> Exercise goal: The reply should hold only the lines below beginning at the one with "MA license plate 179AT5" and ending at the one with "Antig&uuml;edades: Rosario de", copied exactly, with every picture left out.

> Records shown:
··········

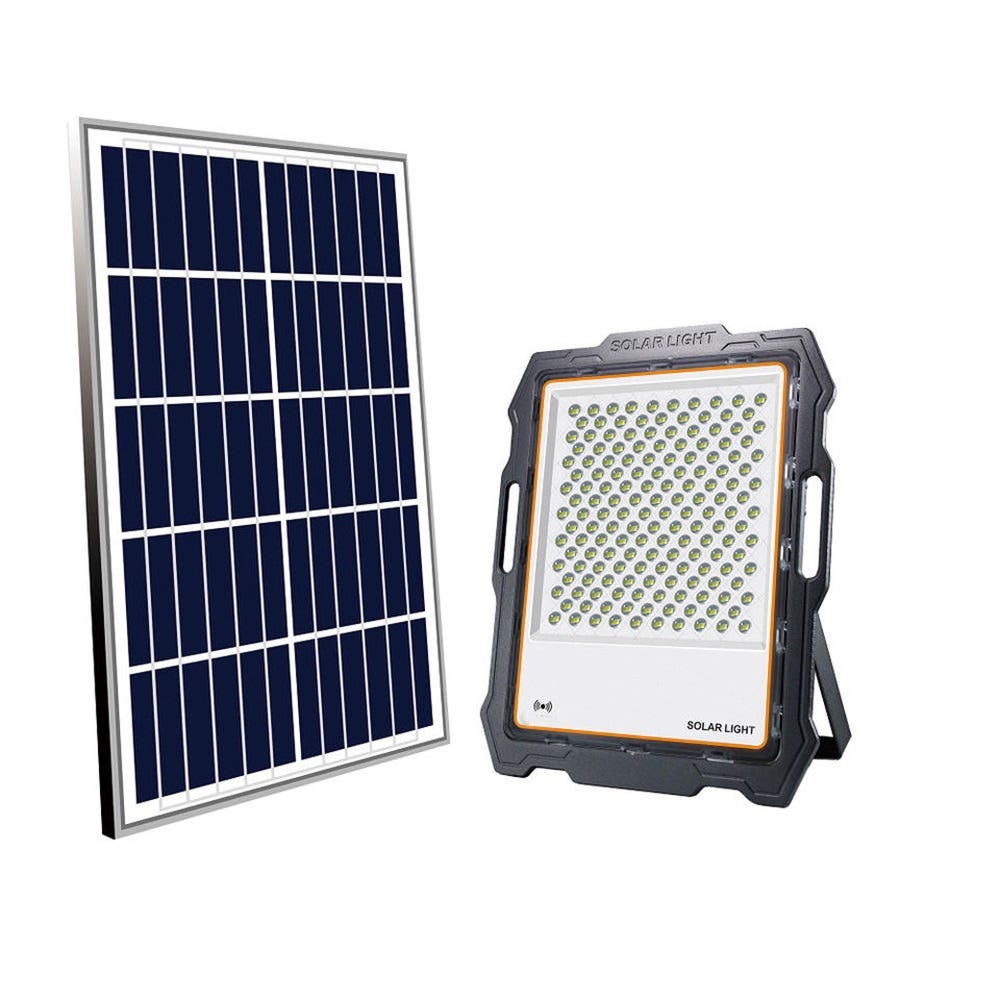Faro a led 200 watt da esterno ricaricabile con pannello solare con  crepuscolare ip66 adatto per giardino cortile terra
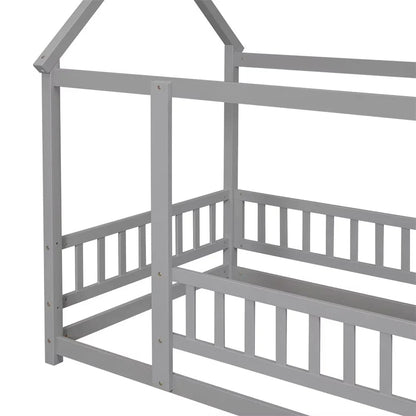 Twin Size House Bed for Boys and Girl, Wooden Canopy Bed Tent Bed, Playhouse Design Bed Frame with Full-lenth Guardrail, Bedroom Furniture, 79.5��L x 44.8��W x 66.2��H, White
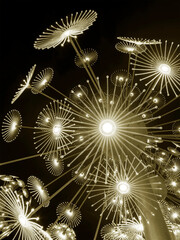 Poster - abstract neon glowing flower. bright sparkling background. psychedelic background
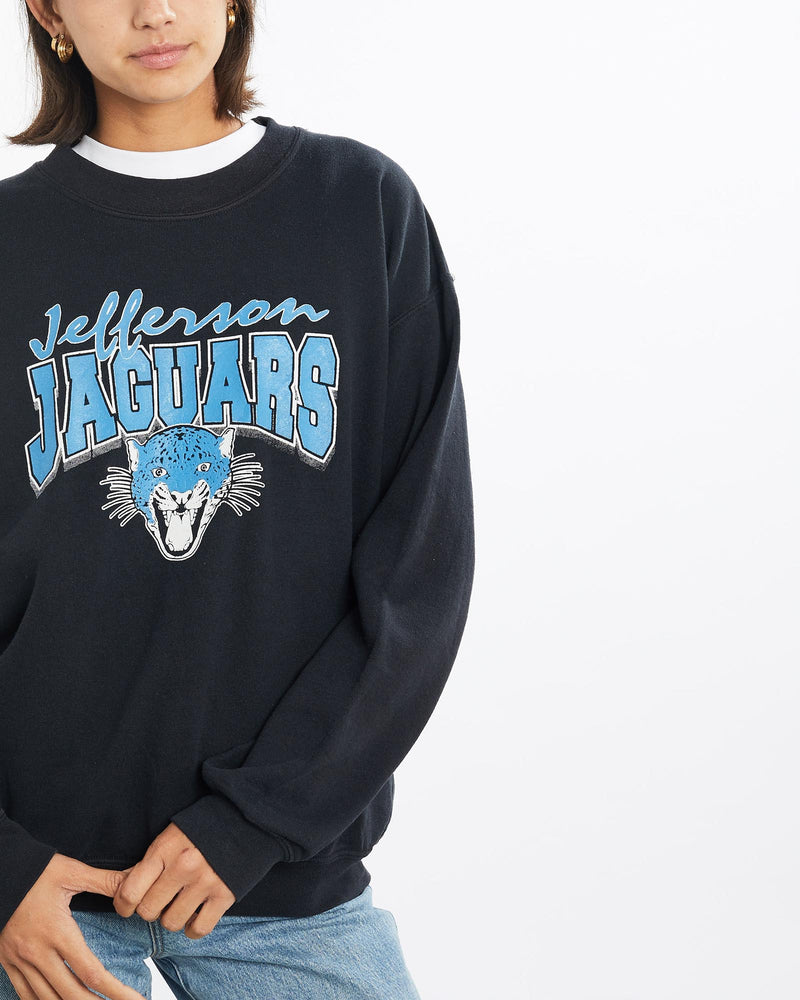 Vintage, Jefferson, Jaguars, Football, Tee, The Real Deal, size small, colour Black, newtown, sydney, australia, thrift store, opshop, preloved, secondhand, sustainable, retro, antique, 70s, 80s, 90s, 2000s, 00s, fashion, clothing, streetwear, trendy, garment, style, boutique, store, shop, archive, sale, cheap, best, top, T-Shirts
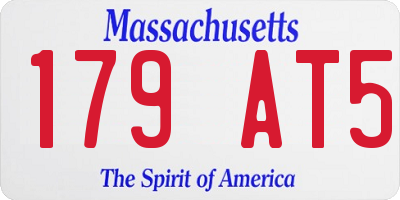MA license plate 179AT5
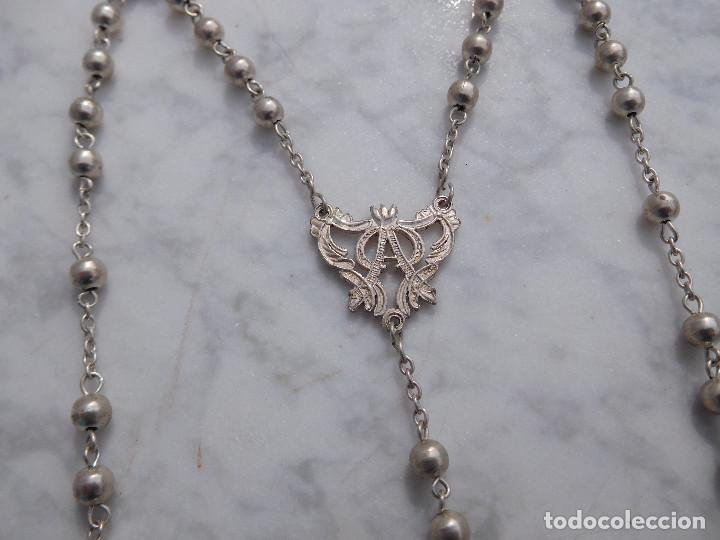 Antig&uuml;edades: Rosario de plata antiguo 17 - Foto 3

··········

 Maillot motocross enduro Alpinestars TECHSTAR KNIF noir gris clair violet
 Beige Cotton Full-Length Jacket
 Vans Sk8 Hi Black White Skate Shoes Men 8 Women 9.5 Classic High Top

··········

> Result for this exercise:
MA license plate 179AT5
 Antig&uuml;edades: Rosario de plata antiguo 17 - Foto 3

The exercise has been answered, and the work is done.